Should You Buy a Franchise? We Analyzed $30 Billion in SBA Loans to Find Out
We analyzed 545,000 SBA loans to discover where franchises outperform independent businesses—and where they don't.
Buying a franchise is one of the biggest financial decisions you'll ever make—often $500K or more. But most of the information out there is marketing, not data. Franchise brokers get paid when you buy. Franchisors want to sell you a territory. Nobody has an incentive to show you the full picture.
So we built one.
We analyzed 545,000 SBA 7(a) loans totaling over $200 billion from 2010-2019. These are real business loans with real outcomes—paid in full or charged off (defaulted). Then we cross-referenced the results with our database of 1,900+ Franchise Disclosure Documents to find patterns.
The Headline Numbers
- Franchise loan default rate: 7.47%
- Non-franchise loan default rate: 5.94%
Wait—franchises actually have a higher default rate?
Yes. But that's not the whole story.
A Small Number of Bad Actors Skew the Data
Here's where it gets interesting. When we analyzed individual franchise brands, we found that a small number of poorly-performing franchises are dragging down the entire industry's numbers.
| Exclusion Threshold | Brands Removed | New Franchise Default Rate | vs Non-Franchise (5.94%) |
|---|---|---|---|
| None (all franchises) | 0 | 7.47% | +1.53% worse |
| Remove >20% default | 47 brands | 6.56% | +0.62% worse |
| Remove >15% default | 84 brands | 6.16% | +0.22% worse |
| Remove >10% default | 134 brands | 5.83% | 0.11% BETTER |
Just 47 franchise brands (out of hundreds) with default rates above 20% are responsible for most of the gap. Remove them, and franchises perform nearly identically to independent businesses.
Remove the bottom 134 brands, and franchises actually outperform independents.
What Makes a Bad Franchise? The Red Flags in the Data
We cross-referenced the high-default franchises with our FDD database to find patterns. The results were striking.

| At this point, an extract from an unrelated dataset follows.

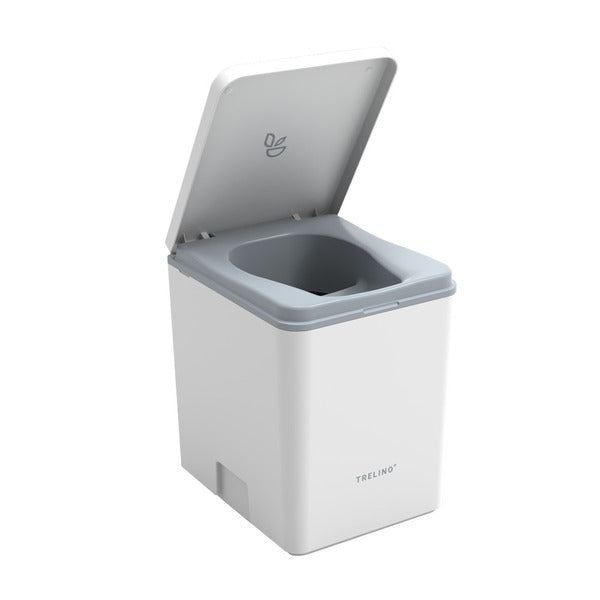 Trelino Evo L Separating Toilet, White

High-Default vs. Low-Default Franchises: A Comparison
| Metric | High Default (>15%) | Low Default (<5%) | What This Tells You |
|---|---|---|---|
| Item 19 Disclosure | 72% | 83% | Bad franchises hide their numbers |
| Average Revenue | $626K | $1.2M | 48% lower revenue |
| System Size | 194 locations | 457 locations | 57% smaller systems |
| Avg Terminations | 15 per year | 8 per year | 2x more failures |
| Bankruptcy History | 14% | 7% | 2x more likely |
| Litigation History | 46% | 39% | Slightly more legal issues |
| Initial Investment | $222K-$530K | $690K-$1.4M | Cheaper doesn't mean safer |
The Red Flags to Watch For
1. They don't disclose financial performance (Item 19)
Franchisors aren't required to share revenue data, but 83% of successful franchises do anyway. When a franchisor refuses to tell you what their franchisees actually earn, ask yourself: what are they hiding?
2. Small system size with high terminations
A franchise with only 200 locations but 15+ terminations per year is a warning sign. That's a 7.5% annual churn rate. Compare that to larger systems averaging 8 terminations across 450+ locations (under 2% churn).
3. Bankruptcy in the franchisor's history
14% of high-default franchises have bankruptcy history vs. only 7% of low-default ones. Past financial distress often predicts future instability.
4. Lower-than-average revenue for the industry
High-default franchises generate about half the revenue of low-default ones. If a franchise's Item 19 shows revenue significantly below competitors, that's a red flag.
5. The "cheap" franchise trap
Counter-intuitively, cheaper franchises ($200K-$500K investment) had higher default rates than pricier ones ($700K-$1.4M). The low upfront cost often means less infrastructure, weaker brand recognition, and fewer resources for franchisee support.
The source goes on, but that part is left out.